No okay, only kidding. But you can imagine how my heart sank when I saw it. In fact, though, it’s fascinating, at least to me. There are five separate transactions written up here, and one, the third, has autograph signatures, albeit only two and them both clerics. The trouble is, it postdates the first one on the parchment, but this huge parchment was clearly set up to take that big transaction, not the tiny one, which seems to have been fitted round and so must have been written up from something else after the date of both of them. That in turn means that they either used new witnesses, or the two clerics were both still around to sign again. So much for autograph signatures as a proof of originality!
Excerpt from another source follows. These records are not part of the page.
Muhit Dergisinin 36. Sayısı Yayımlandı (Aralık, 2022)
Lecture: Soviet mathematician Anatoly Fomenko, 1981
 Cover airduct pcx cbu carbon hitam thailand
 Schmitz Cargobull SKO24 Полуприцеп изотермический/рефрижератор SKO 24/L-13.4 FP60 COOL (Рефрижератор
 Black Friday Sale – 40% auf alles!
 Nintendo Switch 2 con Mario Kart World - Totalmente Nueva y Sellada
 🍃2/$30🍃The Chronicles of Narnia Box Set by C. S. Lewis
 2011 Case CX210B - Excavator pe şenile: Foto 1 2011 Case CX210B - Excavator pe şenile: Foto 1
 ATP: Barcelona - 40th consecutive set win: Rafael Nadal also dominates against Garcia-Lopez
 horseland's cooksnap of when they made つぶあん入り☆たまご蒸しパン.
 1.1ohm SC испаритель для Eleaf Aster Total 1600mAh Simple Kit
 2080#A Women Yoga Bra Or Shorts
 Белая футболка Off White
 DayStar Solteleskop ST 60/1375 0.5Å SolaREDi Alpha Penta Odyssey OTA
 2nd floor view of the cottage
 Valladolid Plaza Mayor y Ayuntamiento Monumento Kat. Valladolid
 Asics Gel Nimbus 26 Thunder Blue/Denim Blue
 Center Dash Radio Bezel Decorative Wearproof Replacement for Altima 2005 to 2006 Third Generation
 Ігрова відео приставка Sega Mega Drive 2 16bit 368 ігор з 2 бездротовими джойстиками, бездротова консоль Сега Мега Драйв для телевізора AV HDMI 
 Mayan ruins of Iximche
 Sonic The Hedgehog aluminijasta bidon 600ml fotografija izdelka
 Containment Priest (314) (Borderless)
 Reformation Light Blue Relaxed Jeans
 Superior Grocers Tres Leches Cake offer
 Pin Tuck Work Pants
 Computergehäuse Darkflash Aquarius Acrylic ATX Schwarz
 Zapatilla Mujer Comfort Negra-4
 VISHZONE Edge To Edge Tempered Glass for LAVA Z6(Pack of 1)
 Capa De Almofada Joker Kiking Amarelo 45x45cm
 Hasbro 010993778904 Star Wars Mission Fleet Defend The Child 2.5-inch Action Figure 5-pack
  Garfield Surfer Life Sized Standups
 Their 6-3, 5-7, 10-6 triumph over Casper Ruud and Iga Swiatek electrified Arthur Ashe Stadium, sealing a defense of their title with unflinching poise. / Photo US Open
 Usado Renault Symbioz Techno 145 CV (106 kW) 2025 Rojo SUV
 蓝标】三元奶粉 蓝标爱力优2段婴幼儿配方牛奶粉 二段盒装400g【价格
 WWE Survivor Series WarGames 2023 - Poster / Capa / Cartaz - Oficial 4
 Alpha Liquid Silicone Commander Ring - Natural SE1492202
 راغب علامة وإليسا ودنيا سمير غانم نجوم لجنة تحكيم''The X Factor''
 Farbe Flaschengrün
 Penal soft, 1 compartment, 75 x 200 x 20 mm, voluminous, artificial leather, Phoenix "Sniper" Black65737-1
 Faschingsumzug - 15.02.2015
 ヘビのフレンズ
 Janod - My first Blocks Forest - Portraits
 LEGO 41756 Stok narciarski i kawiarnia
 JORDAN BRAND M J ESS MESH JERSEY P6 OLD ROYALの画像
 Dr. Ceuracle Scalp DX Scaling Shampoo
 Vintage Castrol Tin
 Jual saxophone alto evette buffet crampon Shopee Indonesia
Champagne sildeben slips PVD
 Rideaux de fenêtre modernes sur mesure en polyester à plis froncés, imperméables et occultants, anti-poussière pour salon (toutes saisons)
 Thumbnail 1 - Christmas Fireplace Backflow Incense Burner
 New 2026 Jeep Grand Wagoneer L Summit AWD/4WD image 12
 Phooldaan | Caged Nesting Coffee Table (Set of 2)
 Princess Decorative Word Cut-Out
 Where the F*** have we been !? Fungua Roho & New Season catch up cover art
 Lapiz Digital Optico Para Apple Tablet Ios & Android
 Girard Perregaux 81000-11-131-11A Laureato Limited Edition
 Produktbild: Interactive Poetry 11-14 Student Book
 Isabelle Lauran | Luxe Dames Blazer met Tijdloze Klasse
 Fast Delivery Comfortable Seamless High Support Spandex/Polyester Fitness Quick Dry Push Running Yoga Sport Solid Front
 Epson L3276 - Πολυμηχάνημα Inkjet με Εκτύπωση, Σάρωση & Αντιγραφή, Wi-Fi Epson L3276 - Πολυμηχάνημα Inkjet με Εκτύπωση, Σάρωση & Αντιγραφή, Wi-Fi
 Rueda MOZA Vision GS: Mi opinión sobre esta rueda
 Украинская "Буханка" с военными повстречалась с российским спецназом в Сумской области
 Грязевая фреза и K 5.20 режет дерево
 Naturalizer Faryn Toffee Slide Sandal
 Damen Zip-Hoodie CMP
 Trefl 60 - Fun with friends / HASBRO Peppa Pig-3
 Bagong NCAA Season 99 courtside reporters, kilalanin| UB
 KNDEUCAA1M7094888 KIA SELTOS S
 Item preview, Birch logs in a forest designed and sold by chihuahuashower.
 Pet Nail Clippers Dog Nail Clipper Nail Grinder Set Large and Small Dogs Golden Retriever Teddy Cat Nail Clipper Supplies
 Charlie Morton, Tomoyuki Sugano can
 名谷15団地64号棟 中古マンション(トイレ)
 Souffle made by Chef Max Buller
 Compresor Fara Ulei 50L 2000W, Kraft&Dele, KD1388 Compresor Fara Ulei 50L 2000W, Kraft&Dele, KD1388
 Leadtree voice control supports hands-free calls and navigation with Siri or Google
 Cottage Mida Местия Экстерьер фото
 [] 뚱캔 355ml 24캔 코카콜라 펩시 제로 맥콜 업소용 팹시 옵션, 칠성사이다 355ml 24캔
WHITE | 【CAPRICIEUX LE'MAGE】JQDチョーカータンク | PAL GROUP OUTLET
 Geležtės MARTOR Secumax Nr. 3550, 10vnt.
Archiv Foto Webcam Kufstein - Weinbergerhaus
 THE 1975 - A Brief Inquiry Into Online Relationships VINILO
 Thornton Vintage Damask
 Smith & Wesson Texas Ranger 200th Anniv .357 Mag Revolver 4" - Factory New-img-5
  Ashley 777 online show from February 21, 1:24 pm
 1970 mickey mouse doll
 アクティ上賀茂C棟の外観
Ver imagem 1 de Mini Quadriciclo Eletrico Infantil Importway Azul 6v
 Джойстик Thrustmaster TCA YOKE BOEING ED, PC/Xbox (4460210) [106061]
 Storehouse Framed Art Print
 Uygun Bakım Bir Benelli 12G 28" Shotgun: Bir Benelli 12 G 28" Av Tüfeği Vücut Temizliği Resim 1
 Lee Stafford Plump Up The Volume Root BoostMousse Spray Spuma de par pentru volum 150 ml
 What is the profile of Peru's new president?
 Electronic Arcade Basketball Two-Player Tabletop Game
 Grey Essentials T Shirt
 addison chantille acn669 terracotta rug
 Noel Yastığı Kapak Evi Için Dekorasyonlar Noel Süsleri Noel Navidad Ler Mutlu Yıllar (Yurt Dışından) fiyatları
And meanwhile, what are they actually doing? The first transaction is so huge because it has 40 donors and vendors (they’re all called both) and deals with 23 pieces of land. It must have been a huge occasion! Except that, having given all the boundaries ,when the scribe gets to the bit where he should record the prices paid for these lands, he gives up and writes instead, “p[ro]p[te]r p[re]cio sic inclos[um] in ipsas scripturas resonat”, ‘because of the price that is recorded in the selfsame charters thus included’. In other words, he’s making a big narrative out of lots of charters, this isn’t one huge occasion, it’s a story combining 23 separate transactions for the sake of a permanent record. One might have guessed this from the crossings-out that imply fairly clearly that the scribe has lost his place or the plan of how to deal with a source text in front of him, but then he goes and admits it for us. This is supposed to be a very material foundation legend built as a kind of pancarta and then they add four more transactions that had happened already as well onto it like they were making a huge one-sheet cartulary (which is basically what a pancarta is, in case you were wondering; the web seems to have no useful definition). No wonder they abbreviate so heavily! But what I haven’t figured out is who it is doing this. There was a church at Casserres before the monastery, and this document doesn’t mention monastery or monks in any of its parts. All these transactions are dated to before the monastery was established, but we’ve already seen that that doesn’t mean much. And there’s four separate scribes with clearly different hands and another two clerics in the signatures. What parish church has five working priests and extra staff? There’s another just across the way at Sant Pere de Roda with a similar number, and they even own land around this church, so what on earth’s going on? They can’t both be mother churches so close to each other!

I haven’t worked it out yet, but because I now have this stuff under my belt, I reckon I probably will. Just, maybe not right now…

And all right, I’ve finished now, I’m back in the UK even virtually now, back to the books and the blogs. I hope I haven’t driven you all off…

13 responses to “In Marca Hispanica IX: actual charter scholarship

  1. This is great!

  2. OOOOOOOHHHH! I just stumbled on your blog, and I am really excited by your charter adventures. I might just print off the first one and get my palaeography group onto it to see if our transcription matches yours. You will tell us all what you conclude, won’t you?!

  3. Kath, I shan’t be working on this till midway through next year on my current reckoning, although I hope to at least index my transcriptions before then. This is to say, I don’t really know what more I expect to be able to say about this particular charter yet. However, I will be sure and write something extra if I come up with any relevations.

    As for use of the image, all I would ask is that you recognise my copyright, and likewise with the transcription. Otherwise, yes, of course, if you can make use of it, do. But, if you don’t mind my asking, why is a student of Enteric Neuroscience looking for Latin palaeography examples?

  4. Well it’s rather a long story, but I also have a Masters in medieval history, and I spend my spare time working on practical literacy in thirteenth century Britain.

    Consider your copyright acknowledged.

  5. Indeed, I found your resources page because this site was getting hits from it; I may have to borrow some of those links myself… Glad to have you reading.